The required answer is a copy of each line in the entries below that includes "Table".

[INPUT — start]

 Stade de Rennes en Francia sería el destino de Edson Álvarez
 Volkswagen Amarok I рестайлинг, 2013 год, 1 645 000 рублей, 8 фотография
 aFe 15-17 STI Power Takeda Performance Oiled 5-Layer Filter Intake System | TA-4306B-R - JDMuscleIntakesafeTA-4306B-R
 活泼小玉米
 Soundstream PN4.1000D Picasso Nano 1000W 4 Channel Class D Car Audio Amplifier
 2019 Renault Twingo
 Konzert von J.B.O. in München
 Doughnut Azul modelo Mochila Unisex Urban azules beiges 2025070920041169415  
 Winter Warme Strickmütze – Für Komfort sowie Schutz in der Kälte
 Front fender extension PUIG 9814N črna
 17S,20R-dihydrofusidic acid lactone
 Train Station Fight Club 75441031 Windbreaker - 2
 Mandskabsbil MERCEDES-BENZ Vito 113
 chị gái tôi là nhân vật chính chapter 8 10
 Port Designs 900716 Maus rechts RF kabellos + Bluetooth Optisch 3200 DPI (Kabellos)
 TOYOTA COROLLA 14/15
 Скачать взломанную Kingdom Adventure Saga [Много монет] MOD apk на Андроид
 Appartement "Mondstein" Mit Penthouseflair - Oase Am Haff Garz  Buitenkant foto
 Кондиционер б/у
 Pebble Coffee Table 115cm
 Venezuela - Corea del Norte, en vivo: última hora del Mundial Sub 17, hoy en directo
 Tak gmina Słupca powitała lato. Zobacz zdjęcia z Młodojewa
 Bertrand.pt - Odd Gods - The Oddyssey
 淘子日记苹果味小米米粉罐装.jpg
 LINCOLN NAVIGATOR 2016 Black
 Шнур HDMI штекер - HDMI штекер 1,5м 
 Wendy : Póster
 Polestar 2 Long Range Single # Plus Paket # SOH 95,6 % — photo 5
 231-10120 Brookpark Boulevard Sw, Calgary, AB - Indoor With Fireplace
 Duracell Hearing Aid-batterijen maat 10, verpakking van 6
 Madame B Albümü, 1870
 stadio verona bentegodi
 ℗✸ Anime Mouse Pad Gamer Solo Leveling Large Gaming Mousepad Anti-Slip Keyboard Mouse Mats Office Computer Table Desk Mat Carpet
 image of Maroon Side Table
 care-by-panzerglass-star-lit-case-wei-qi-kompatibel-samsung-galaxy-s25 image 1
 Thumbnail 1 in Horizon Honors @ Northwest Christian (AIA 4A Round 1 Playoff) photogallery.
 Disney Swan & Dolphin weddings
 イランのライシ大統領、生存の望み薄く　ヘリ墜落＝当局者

[INPUT — finish]

▶ **ANSWER AREA**
 Pebble Coffee Table 115cm
 ℗✸ Anime Mouse Pad Gamer Solo Leveling Large Gaming Mousepad Anti-Slip Keyboard Mouse Mats Office Computer Table Desk Mat Carpet
 image of Maroon Side Table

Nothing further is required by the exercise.